▶ _Task directions_
Pictures in the material below are to be left out, and only the lines from the line with "SPINNS（スピンズ）の「" up to and including the line with "SHADY MEADOWS - Residential" are to be written out exactly.

▶ _The input_
################

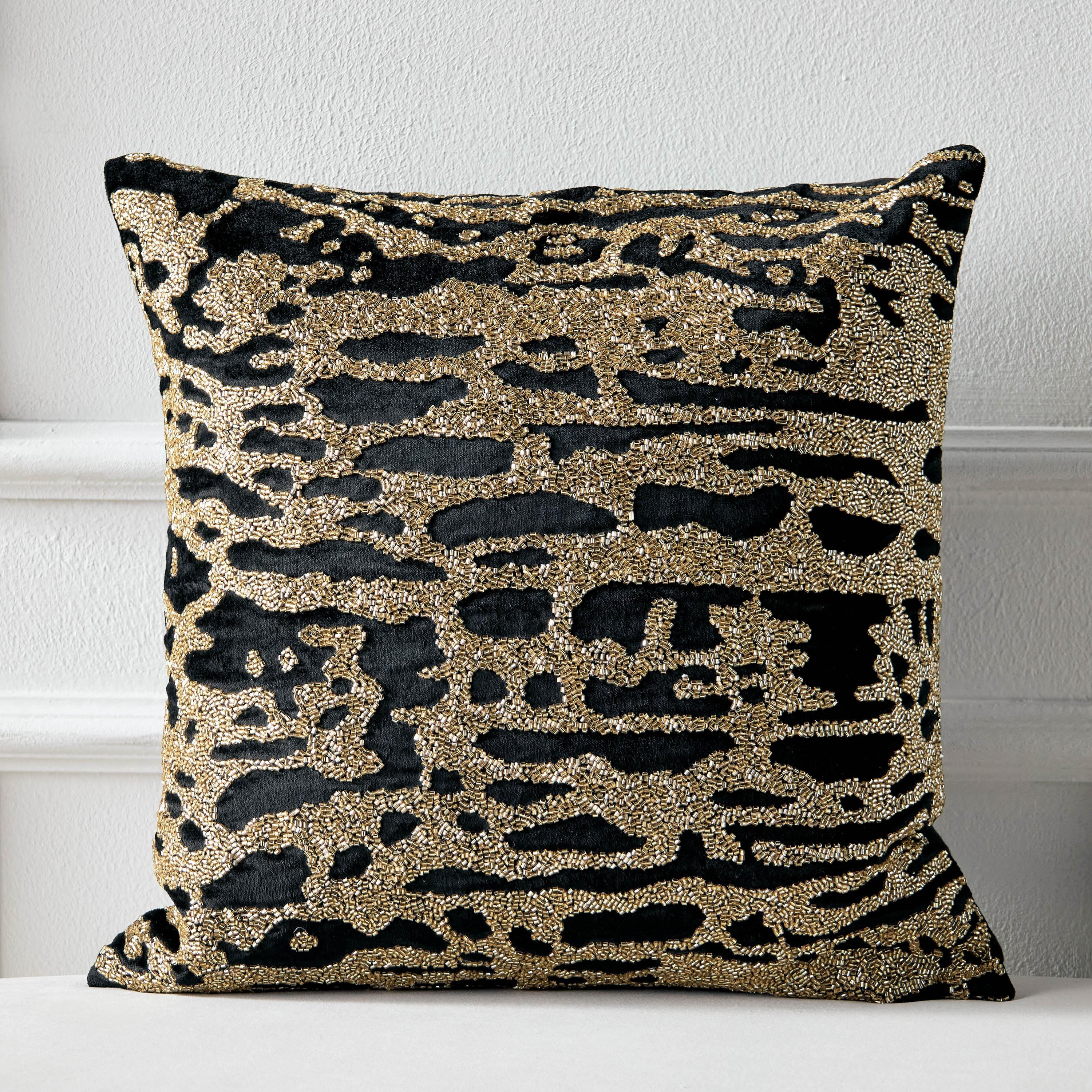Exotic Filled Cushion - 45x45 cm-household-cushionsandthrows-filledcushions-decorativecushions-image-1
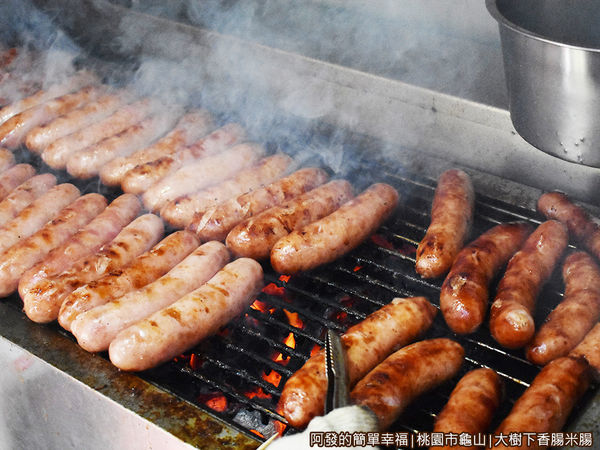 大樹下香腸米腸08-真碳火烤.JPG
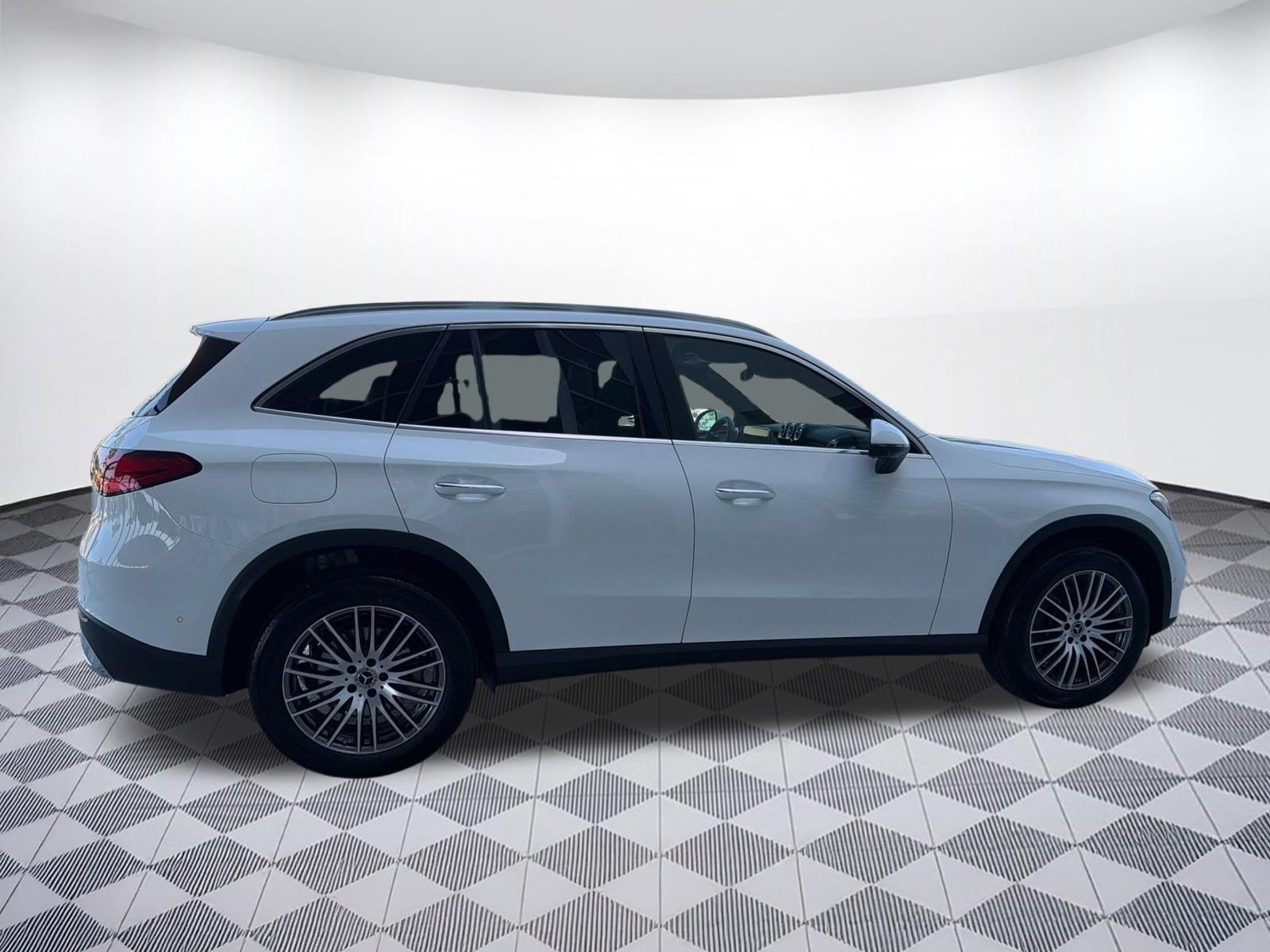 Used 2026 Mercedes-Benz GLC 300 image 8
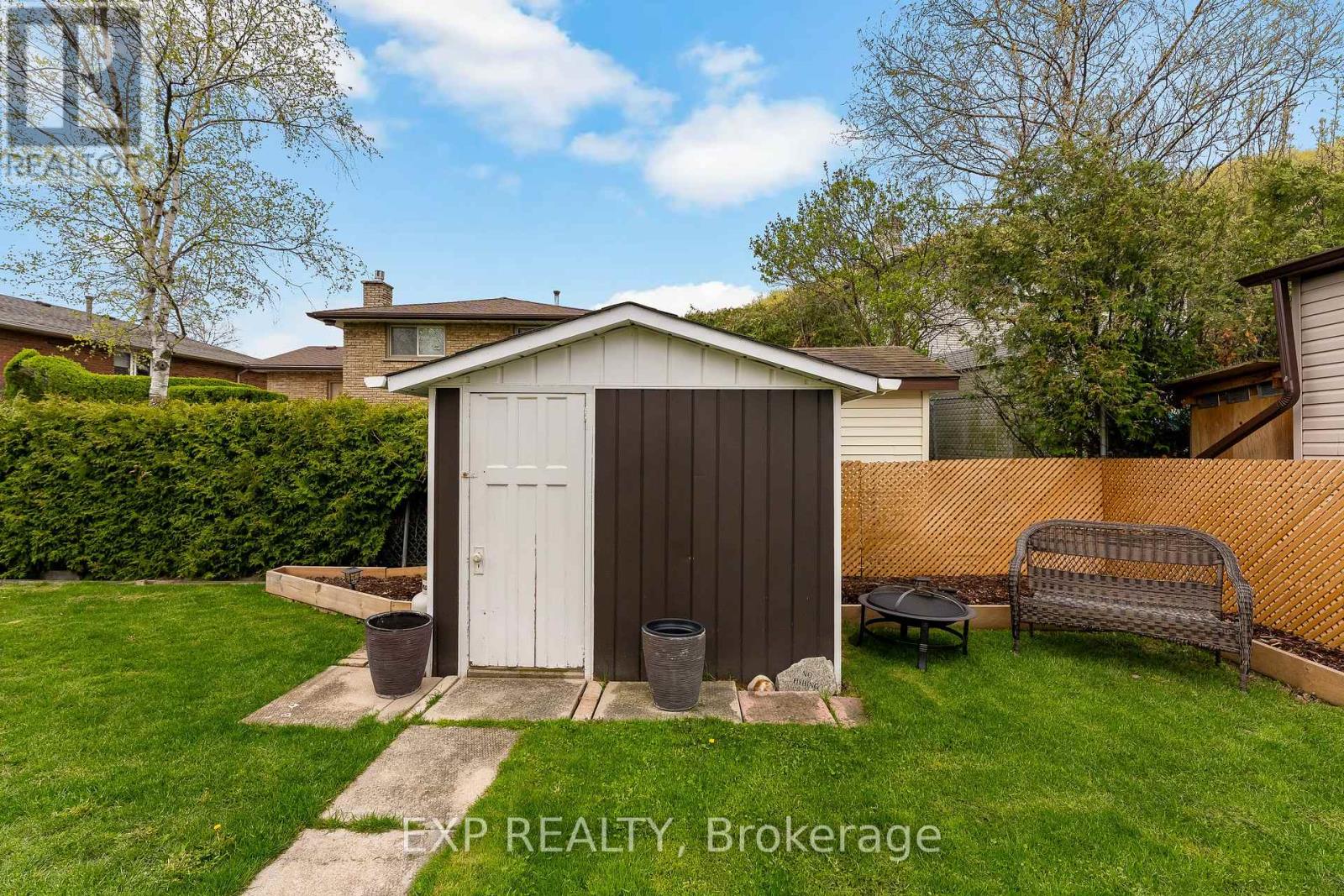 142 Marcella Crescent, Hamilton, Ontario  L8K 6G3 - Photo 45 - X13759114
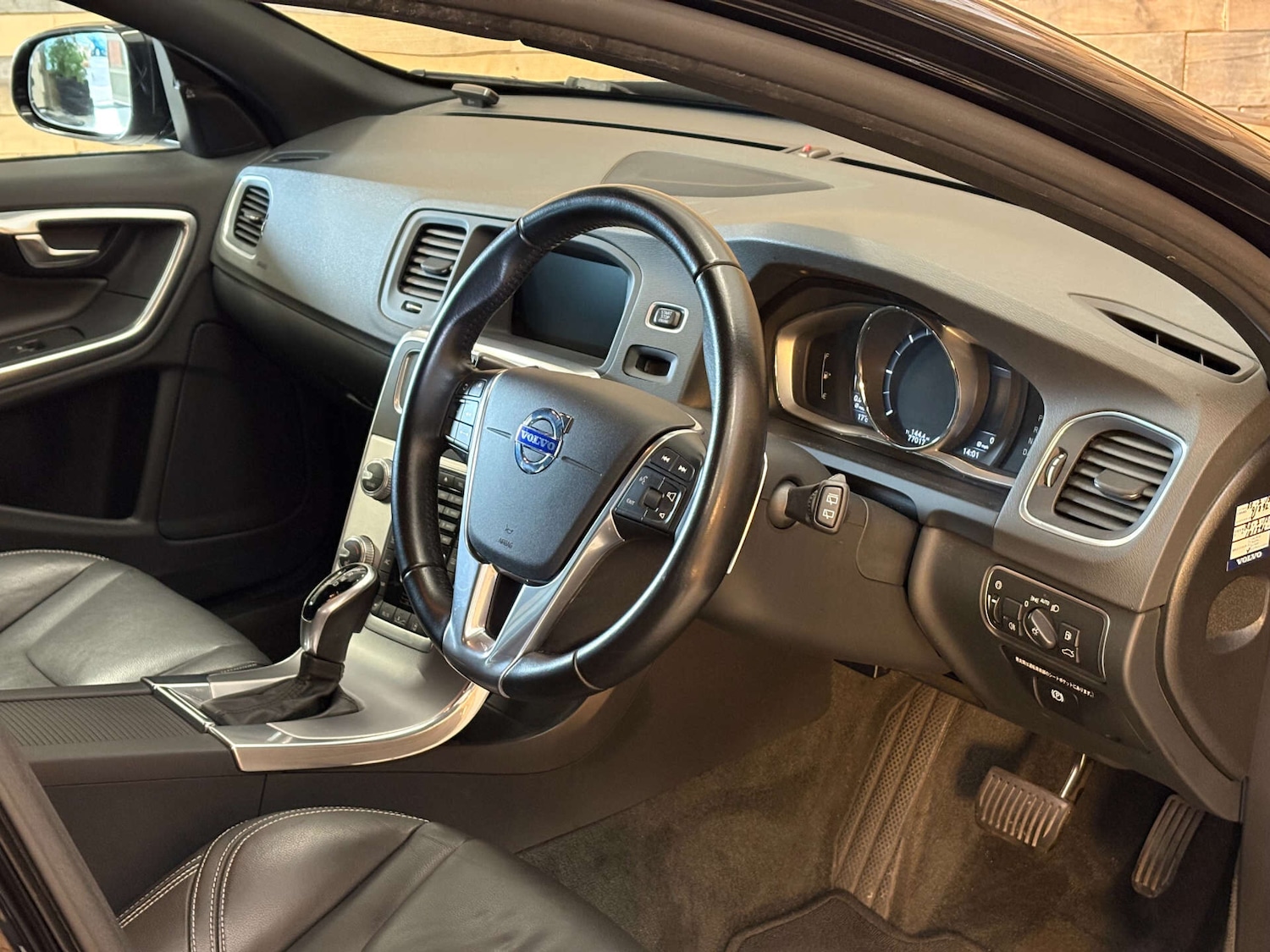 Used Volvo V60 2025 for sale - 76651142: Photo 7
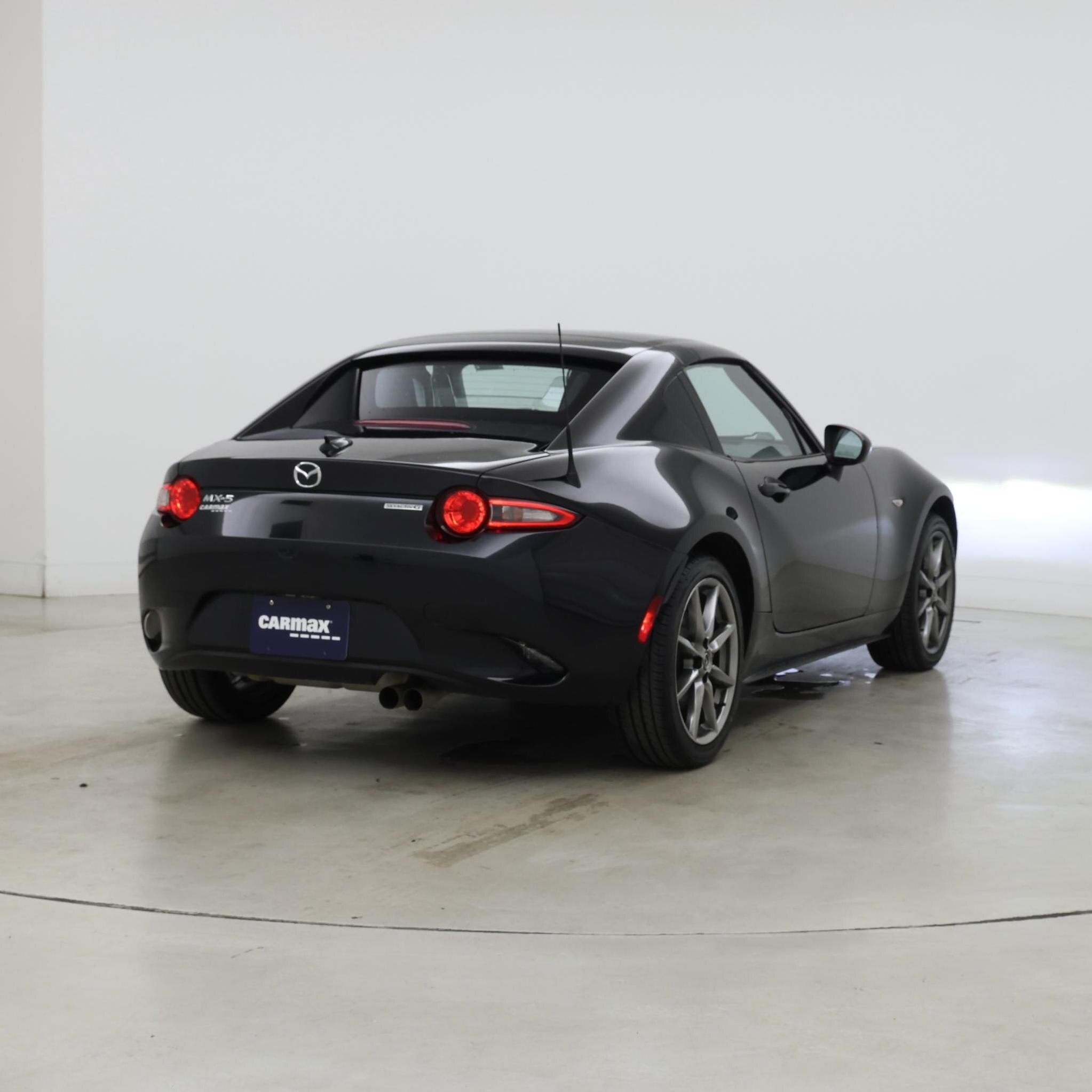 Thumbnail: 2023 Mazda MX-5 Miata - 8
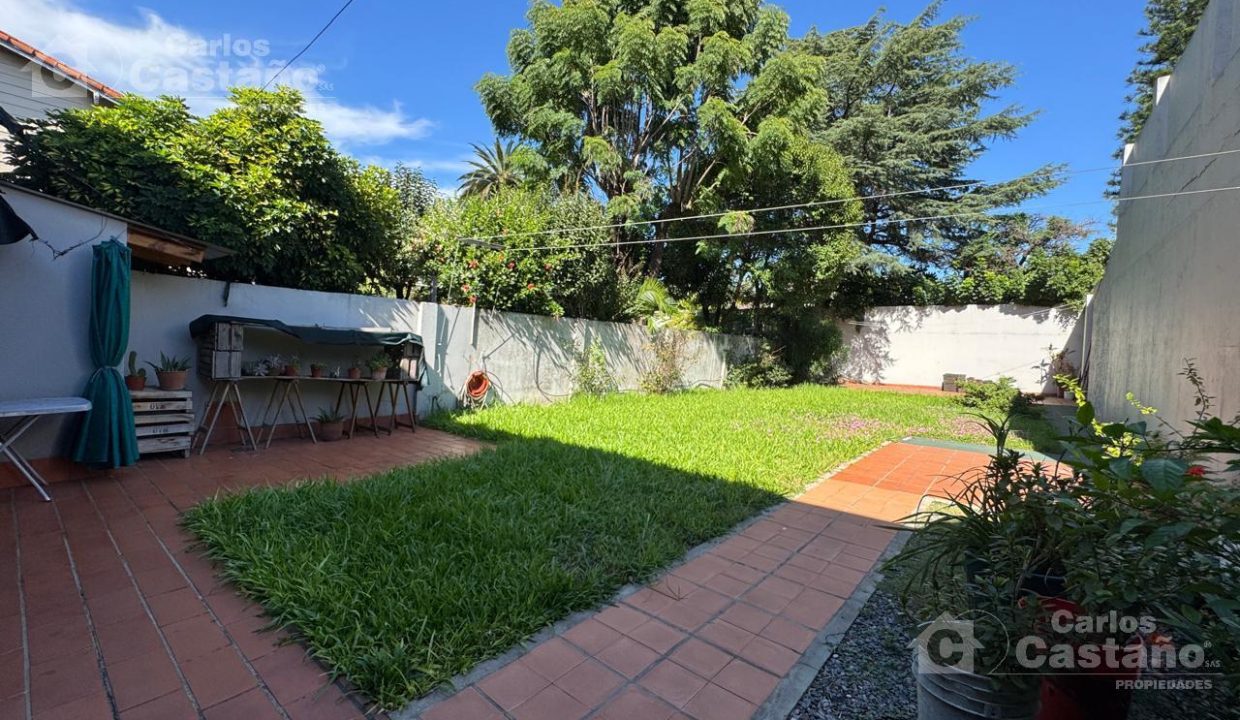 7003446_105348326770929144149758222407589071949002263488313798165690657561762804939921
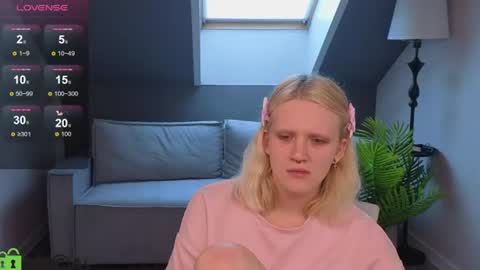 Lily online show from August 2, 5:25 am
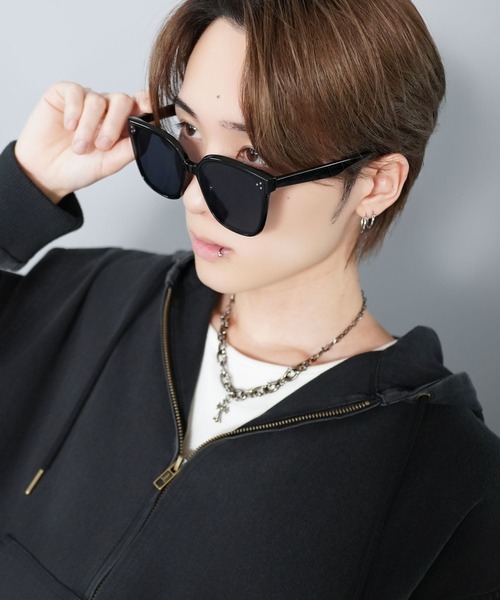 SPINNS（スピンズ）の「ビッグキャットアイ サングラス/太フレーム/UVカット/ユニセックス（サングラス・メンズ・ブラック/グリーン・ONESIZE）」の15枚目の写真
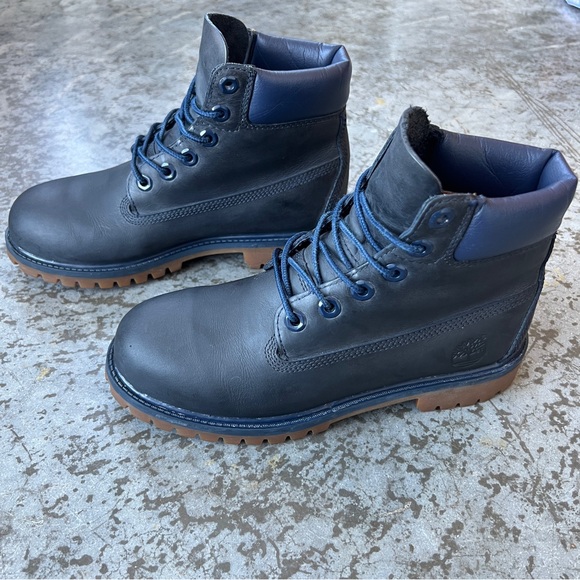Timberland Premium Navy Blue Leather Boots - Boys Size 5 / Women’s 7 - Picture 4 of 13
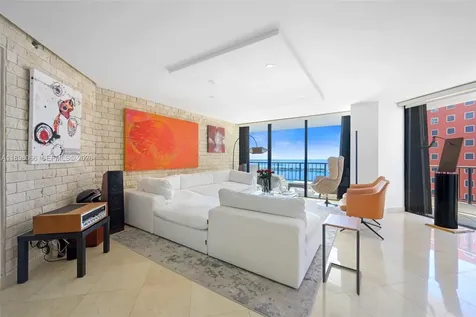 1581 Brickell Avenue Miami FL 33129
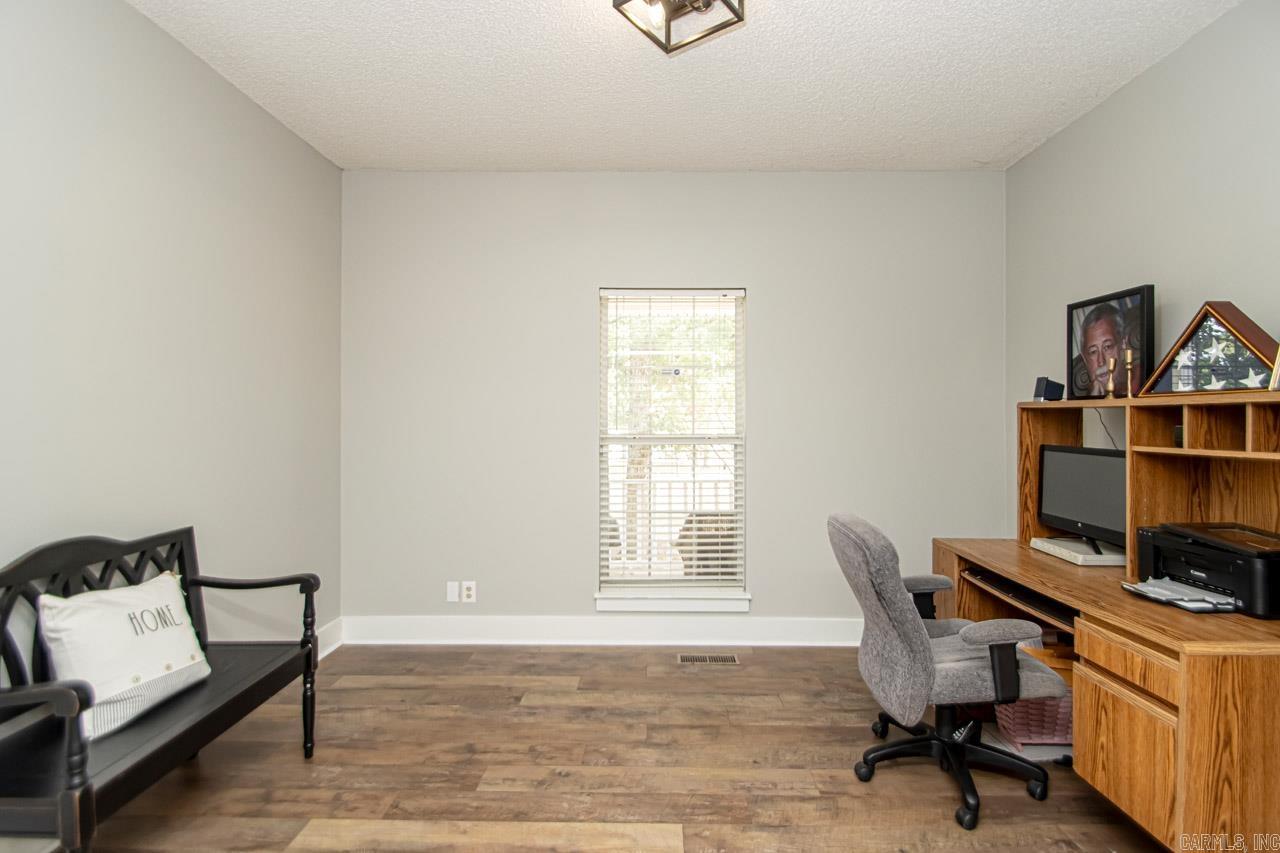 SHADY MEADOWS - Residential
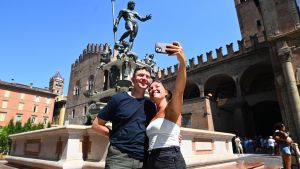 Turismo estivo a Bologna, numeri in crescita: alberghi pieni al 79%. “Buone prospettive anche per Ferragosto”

################

▶ _Reply_
 SPINNS（スピンズ）の「ビッグキャットアイ サングラス/太フレーム/UVカット/ユニセックス（サングラス・メンズ・ブラック/グリーン・ONESIZE）」の15枚目の写真
Timberland Premium Navy Blue Leather Boots - Boys Size 5 / Women’s 7 - Picture 4 of 13
 1581 Brickell Avenue Miami FL 33129
 SHADY MEADOWS - Residential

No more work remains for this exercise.